WHAT THE EXERCISE ASKS: Take the line with "不伤锅硅胶铲汤勺不粘锅专用厨具护锅炒菜铲子家用铲木柄铲勺套装" and all lines after it, through the end of the records below, and repeat them exactly.

Items from a data source:
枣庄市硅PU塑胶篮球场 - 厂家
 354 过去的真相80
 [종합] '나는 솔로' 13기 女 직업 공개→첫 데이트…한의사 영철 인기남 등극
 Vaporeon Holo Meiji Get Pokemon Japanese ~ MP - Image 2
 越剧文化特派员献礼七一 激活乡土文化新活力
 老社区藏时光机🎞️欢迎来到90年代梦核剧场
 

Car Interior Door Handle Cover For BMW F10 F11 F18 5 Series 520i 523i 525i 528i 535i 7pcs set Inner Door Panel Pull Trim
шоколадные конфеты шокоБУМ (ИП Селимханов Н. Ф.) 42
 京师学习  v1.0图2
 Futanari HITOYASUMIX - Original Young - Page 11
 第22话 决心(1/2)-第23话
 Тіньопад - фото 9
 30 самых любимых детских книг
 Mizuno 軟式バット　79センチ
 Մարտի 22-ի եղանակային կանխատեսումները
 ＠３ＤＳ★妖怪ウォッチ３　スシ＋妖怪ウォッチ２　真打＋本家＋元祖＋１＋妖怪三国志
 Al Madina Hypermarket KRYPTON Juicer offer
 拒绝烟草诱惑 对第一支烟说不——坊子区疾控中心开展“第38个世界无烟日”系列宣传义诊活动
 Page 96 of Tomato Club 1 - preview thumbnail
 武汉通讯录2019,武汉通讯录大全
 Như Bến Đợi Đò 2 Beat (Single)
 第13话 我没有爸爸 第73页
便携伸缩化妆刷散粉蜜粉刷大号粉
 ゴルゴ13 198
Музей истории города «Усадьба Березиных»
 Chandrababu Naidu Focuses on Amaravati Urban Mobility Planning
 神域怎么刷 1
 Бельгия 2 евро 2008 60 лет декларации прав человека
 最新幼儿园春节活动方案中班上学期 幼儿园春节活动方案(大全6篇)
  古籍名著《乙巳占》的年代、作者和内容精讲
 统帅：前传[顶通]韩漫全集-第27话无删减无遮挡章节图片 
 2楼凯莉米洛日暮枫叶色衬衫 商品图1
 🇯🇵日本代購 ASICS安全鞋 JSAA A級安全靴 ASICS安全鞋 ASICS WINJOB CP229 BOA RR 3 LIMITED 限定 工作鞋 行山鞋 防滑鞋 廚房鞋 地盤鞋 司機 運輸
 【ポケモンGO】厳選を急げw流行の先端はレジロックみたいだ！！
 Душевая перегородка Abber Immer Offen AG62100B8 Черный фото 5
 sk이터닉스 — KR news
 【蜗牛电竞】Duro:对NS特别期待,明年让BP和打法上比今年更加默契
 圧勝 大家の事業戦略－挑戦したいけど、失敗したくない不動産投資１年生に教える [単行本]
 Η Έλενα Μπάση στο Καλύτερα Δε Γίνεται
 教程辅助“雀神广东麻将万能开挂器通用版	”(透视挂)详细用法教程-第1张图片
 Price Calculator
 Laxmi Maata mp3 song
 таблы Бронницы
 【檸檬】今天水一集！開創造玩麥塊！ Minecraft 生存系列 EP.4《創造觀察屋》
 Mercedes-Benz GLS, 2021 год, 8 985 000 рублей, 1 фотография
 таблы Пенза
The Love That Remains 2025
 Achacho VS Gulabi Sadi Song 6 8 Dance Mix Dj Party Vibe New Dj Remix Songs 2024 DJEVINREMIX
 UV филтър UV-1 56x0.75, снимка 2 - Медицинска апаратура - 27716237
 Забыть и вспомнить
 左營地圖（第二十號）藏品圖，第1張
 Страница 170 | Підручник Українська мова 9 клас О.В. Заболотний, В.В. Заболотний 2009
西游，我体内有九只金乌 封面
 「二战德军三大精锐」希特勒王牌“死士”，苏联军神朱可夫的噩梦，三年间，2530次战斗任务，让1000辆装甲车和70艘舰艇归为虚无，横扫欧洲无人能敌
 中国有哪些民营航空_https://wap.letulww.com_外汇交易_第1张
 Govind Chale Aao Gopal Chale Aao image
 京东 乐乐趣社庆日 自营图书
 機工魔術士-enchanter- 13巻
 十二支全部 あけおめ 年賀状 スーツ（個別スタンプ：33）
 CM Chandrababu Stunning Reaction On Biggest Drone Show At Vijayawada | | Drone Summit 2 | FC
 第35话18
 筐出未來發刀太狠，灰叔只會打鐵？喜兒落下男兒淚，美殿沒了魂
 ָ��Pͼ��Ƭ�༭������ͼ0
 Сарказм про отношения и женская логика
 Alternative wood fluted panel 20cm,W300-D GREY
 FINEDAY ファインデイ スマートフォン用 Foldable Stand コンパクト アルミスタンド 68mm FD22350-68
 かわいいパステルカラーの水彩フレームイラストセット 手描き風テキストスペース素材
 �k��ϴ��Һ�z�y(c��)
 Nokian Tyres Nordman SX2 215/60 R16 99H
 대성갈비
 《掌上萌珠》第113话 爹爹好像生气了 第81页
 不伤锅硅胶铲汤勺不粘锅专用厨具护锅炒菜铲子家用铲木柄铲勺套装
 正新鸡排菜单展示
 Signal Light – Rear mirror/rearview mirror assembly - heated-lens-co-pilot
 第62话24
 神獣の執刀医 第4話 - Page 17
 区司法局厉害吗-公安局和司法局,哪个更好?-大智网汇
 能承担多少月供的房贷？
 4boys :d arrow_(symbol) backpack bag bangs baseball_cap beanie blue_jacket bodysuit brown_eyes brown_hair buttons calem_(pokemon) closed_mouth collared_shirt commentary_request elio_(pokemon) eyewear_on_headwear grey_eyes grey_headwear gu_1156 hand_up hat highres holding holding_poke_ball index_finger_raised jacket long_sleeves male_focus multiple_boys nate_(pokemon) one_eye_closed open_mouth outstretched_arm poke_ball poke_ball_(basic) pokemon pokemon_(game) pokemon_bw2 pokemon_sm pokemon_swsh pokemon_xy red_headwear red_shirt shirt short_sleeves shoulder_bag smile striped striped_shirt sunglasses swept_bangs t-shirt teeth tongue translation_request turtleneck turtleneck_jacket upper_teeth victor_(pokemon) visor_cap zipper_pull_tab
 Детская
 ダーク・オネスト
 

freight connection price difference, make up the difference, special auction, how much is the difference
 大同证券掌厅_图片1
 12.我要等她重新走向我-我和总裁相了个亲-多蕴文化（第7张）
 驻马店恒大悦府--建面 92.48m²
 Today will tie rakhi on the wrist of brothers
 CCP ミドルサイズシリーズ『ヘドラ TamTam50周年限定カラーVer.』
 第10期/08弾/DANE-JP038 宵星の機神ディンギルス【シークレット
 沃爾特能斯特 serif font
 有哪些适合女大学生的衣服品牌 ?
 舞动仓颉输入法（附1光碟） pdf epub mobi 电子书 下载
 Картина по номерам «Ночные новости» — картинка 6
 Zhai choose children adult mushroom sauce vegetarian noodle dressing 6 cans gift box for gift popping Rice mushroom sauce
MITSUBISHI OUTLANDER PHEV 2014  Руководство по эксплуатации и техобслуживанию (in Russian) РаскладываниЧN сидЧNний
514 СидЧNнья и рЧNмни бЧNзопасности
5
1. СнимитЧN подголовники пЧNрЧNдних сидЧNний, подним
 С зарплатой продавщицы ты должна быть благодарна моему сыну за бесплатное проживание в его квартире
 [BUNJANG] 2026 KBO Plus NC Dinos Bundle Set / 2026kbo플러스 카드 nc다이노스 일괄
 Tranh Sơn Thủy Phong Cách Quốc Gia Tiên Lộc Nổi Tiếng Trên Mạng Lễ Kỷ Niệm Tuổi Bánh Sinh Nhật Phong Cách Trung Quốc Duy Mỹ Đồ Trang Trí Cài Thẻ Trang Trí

RESULT:
 不伤锅硅胶铲汤勺不粘锅专用厨具护锅炒菜铲子家用铲木柄铲勺套装
 正新鸡排菜单展示
 Signal Light – Rear mirror/rearview mirror assembly - heated-lens-co-pilot
 第62话24
 神獣の執刀医 第4話 - Page 17
 区司法局厉害吗-公安局和司法局,哪个更好?-大智网汇
 能承担多少月供的房贷？
 4boys :d arrow_(symbol) backpack bag bangs baseball_cap beanie blue_jacket bodysuit brown_eyes brown_hair buttons calem_(pokemon) closed_mouth collared_shirt commentary_request elio_(pokemon) eyewear_on_headwear grey_eyes grey_headwear gu_1156 hand_up hat highres holding holding_poke_ball index_finger_raised jacket long_sleeves male_focus multiple_boys nate_(pokemon) one_eye_closed open_mouth outstretched_arm poke_ball poke_ball_(basic) pokemon pokemon_(game) pokemon_bw2 pokemon_sm pokemon_swsh pokemon_xy red_headwear red_shirt shirt short_sleeves shoulder_bag smile striped striped_shirt sunglasses swept_bangs t-shirt teeth tongue translation_request turtleneck turtleneck_jacket upper_teeth victor_(pokemon) visor_cap zipper_pull_tab
 Детская
 ダーク・オネスト
 

freight connection price difference, make up the difference, special auction, how much is the difference
 大同证券掌厅_图片1
 12.我要等她重新走向我-我和总裁相了个亲-多蕴文化（第7张）
 驻马店恒大悦府--建面 92.48m²
 Today will tie rakhi on the wrist of brothers
 CCP ミドルサイズシリーズ『ヘドラ TamTam50周年限定カラーVer.』
 第10期/08弾/DANE-JP038 宵星の機神ディンギルス【シークレット
 沃爾特能斯特 serif font
 有哪些适合女大学生的衣服品牌 ?
 舞动仓颉输入法（附1光碟） pdf epub mobi 电子书 下载
 Картина по номерам «Ночные новости» — картинка 6
 Zhai choose children adult mushroom sauce vegetarian noodle dressing 6 cans gift box for gift popping Rice mushroom sauce
MITSUBISHI OUTLANDER PHEV 2014  Руководство по эксплуатации и техобслуживанию (in Russian) РаскладываниЧN сидЧNний
514 СидЧNнья и рЧNмни бЧNзопасности
5
1. СнимитЧN подголовники пЧNрЧNдних сидЧNний, подним
 С зарплатой продавщицы ты должна быть благодарна моему сыну за бесплатное проживание в его квартире
 [BUNJANG] 2026 KBO Plus NC Dinos Bundle Set / 2026kbo플러스 카드 nc다이노스 일괄
 Tranh Sơn Thủy Phong Cách Quốc Gia Tiên Lộc Nổi Tiếng Trên Mạng Lễ Kỷ Niệm Tuổi Bánh Sinh Nhật Phong Cách Trung Quốc Duy Mỹ Đồ Trang Trí Cài Thẻ Trang Trí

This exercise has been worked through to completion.